Driven by the latest advances in RF transceiver IC technology, radar is quickly becoming one of the important sensor technologies for perception applications. One example is 77 GHz fully integrated all-digital transceiver MMICs. High speed and linearity FMCW chirps combined with high output power, low noise transmit and receive channels, and MIMO antenna arrays now enable high performance, high resolution radar systems at reasonable cost. Radar-based digital beamforming enables detection of radial velocity, angle, and distance to multiple targets under the harshest environmental conditions—It’s key for the safe and efficient interaction of robots, cobots, and AGVs in dynamic environments.
The mission of an autonomous system in an industrial setting is often to locate and pick up an object rather than safely avoiding it. Lidar’s strong object detection and classification accuracy provides the precision necessary to complete these common tasks.

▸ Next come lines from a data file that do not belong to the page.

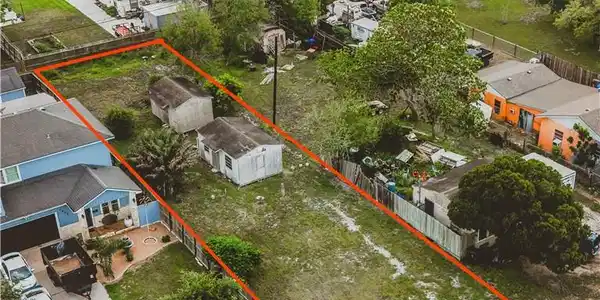 Image 4: Aerial View with Boundaries
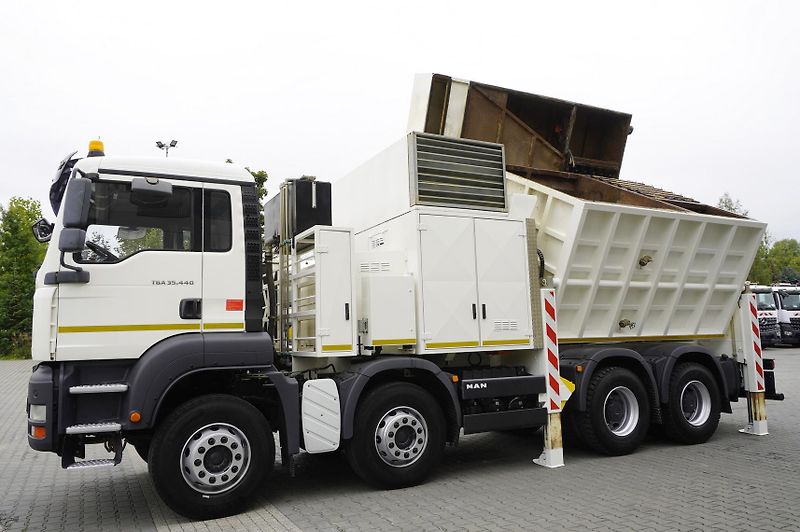 MAN TGA (2008) 35.440 8×4 / vacuum excavator - fotka 4 z 24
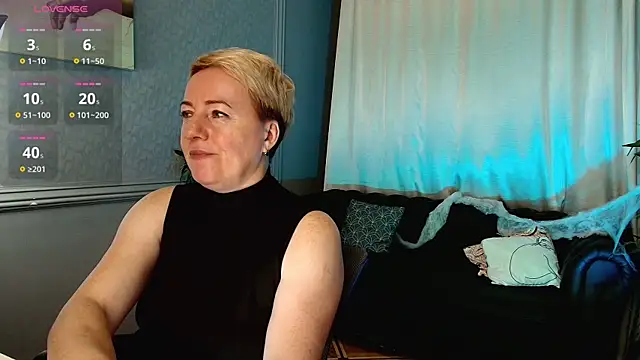 Snapshot of Nika_Smit chatting on November 2025 05:54:01 AM Nika Smit online show from November 2025 05:54:01 AM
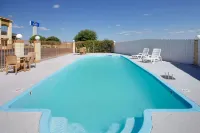 Baymont by Wyndham Terrell - Swimmingpools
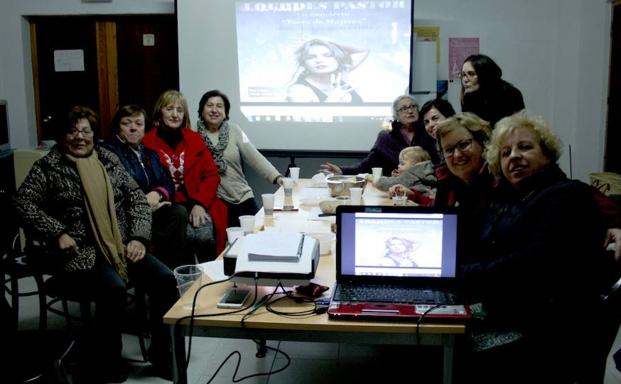 La asociación de mujeres de Urrácal quiere rebautizar el merendero con el nombre de Carmen de Burgos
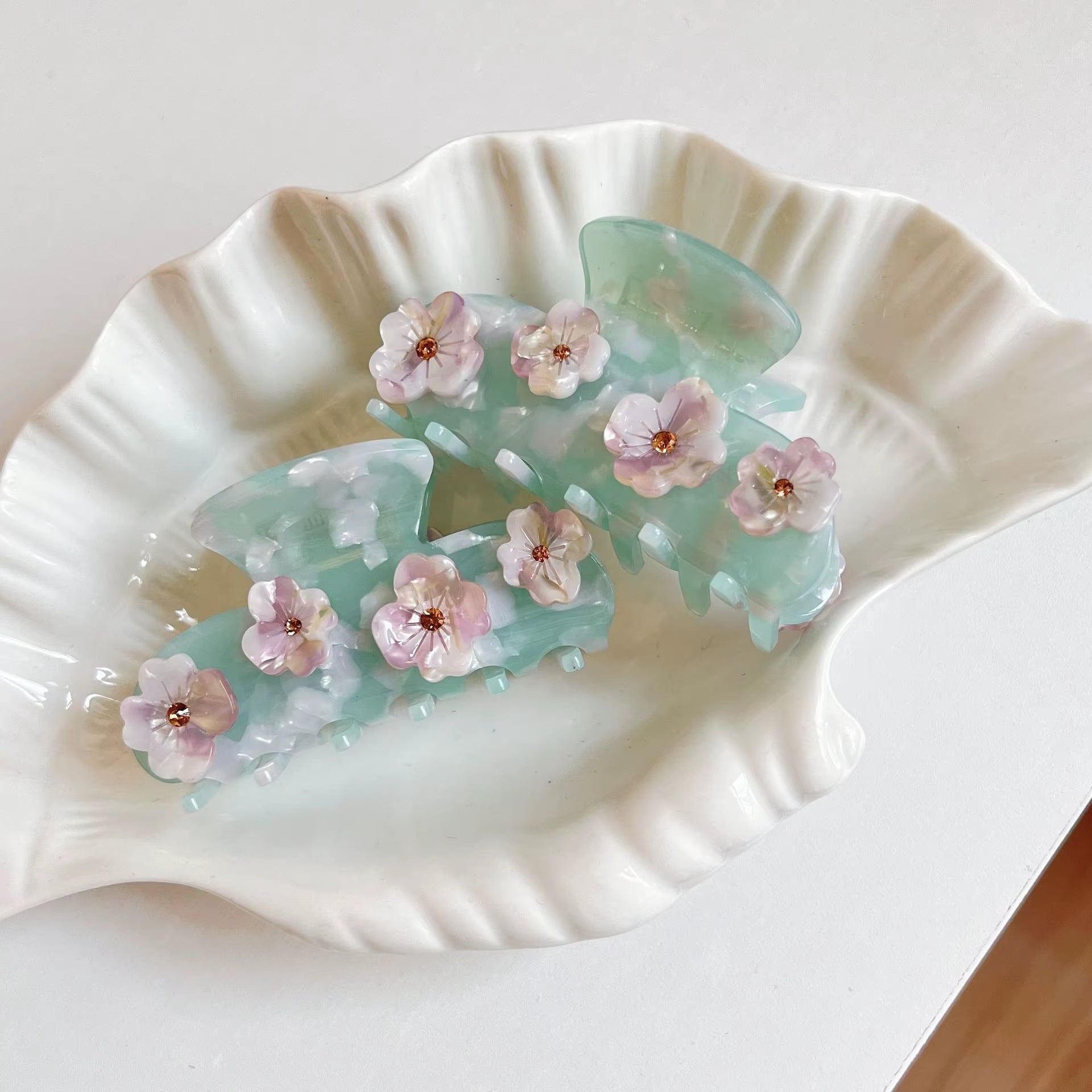 NEW Ice Blue Colour Hair Claw Three Dimensional Flowers Acetate Hair Claw Clip Hair Accessories for Women Girls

Operating in the terahertz frequency range, lidar systems achieve fine angular resolution that translates into high resolution depth maps. With these high-res depth maps, a lidar system can classify objects to fuse with vision, IMU, and radar information to make reliable, mission critical decisions. Lidar systems are designed to work in dynamic environments, such as outdoors in bright sunlight. By using narrow pulses of 9xx nm and 15xx nm wavelengths, and driving them with high power, lidar is able to see farther in these challenging conditions. In addition, the narrow pulses allow for finer depth resolution to detect multiple targets within a pixel, while the infrared light at 9xx and 15xx has less solar radiation.
Numerous challenges must be overcome to encourage the mass adoption of lidar systems. These include complex and costly signal chains, optical design issues, and system test and calibration. Developments are currently underway to integrate these signal chains and reduce their complexity, size, power requirements, and overall cost of ownership.